#### Directions:
Entries follow. Give back exactly the lines starting at the one containing "Seiko SQ Watch" and ending at the one containing "i-SPY My First", and no other lines.

Dataset excerpts:
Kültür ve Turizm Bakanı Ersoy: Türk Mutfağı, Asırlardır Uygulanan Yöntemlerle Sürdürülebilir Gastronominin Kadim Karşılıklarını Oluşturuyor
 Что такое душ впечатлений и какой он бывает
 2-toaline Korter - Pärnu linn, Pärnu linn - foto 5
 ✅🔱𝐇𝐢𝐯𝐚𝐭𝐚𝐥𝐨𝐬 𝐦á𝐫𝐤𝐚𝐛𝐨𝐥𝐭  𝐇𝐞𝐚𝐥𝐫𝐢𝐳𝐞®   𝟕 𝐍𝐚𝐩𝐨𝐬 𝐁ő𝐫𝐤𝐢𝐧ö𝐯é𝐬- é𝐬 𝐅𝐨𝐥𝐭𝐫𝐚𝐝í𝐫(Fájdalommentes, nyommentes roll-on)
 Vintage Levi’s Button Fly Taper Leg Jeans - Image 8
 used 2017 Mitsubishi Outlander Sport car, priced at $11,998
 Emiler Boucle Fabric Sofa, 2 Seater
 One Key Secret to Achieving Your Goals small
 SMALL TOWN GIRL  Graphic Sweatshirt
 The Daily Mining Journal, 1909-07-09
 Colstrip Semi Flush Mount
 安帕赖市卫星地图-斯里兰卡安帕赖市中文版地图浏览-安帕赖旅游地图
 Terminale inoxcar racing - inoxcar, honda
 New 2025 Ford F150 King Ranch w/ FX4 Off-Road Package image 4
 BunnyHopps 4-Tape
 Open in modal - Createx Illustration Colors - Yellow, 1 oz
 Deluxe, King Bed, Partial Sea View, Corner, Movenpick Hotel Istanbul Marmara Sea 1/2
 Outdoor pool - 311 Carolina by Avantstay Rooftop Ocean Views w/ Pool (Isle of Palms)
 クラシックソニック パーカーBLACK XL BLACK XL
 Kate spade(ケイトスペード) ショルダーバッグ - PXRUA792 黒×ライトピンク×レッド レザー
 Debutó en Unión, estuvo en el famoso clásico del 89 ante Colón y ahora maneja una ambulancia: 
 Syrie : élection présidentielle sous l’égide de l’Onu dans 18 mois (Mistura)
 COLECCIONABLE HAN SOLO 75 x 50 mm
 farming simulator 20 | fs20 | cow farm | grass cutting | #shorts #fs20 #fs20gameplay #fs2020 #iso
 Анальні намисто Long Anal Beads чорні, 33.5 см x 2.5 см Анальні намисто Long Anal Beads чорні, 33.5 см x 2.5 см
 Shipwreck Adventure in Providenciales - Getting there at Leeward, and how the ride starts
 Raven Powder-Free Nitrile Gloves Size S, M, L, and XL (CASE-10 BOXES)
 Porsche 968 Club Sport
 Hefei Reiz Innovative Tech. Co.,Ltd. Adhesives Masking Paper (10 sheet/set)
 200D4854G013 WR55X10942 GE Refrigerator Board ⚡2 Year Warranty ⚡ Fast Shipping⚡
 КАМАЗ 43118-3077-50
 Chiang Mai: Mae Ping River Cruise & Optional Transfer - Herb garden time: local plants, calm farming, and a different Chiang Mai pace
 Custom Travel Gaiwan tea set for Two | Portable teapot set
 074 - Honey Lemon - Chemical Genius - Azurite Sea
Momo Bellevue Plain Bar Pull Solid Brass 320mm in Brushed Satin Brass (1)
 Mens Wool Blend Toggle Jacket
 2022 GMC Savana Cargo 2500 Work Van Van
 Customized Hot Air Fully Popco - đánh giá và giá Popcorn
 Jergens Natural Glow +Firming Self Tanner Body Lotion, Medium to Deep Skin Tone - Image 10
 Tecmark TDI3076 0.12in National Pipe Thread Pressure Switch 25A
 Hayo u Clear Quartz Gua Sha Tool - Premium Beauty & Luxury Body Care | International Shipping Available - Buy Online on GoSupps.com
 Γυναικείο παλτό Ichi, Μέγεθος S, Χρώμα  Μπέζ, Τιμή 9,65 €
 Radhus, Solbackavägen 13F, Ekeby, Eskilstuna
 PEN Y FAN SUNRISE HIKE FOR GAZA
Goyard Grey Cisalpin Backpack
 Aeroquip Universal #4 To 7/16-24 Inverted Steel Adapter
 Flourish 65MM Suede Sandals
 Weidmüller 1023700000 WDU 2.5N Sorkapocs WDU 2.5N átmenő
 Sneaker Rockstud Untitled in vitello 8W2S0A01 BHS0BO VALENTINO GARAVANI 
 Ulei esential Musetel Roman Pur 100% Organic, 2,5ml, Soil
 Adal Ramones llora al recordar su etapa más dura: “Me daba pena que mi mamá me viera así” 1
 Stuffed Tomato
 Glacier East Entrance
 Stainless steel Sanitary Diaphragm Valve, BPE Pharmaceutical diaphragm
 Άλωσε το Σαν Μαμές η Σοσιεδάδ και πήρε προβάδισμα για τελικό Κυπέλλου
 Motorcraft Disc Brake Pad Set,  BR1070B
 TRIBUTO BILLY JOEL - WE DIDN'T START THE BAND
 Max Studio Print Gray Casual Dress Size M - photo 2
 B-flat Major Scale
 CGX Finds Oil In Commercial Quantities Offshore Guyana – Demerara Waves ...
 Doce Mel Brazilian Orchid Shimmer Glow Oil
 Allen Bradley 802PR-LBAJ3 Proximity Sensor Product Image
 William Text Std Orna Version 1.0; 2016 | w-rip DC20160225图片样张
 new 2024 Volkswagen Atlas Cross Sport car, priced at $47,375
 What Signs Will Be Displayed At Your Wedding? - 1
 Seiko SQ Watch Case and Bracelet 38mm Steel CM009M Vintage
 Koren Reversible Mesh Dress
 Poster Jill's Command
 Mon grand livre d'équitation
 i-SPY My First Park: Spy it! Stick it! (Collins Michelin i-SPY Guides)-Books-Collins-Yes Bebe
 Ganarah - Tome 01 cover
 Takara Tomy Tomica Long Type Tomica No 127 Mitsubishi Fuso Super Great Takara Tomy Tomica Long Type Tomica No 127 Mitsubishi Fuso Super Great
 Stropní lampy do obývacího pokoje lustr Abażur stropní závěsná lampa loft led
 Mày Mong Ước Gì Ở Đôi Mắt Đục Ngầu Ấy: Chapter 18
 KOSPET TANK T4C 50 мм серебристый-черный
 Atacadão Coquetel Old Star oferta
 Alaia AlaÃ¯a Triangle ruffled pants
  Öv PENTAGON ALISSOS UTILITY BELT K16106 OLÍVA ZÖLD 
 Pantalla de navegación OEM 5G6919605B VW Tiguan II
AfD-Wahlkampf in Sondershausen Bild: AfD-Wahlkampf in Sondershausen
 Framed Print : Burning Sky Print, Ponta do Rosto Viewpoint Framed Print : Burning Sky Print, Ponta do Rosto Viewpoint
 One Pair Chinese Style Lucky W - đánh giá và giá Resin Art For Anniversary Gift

#### Result of this task:
 Seiko SQ Watch Case and Bracelet 38mm Steel CM009M Vintage
 Koren Reversible Mesh Dress
 Poster Jill's Command
 Mon grand livre d'équitation
 i-SPY My First Park: Spy it! Stick it! (Collins Michelin i-SPY Guides)-Books-Collins-Yes Bebe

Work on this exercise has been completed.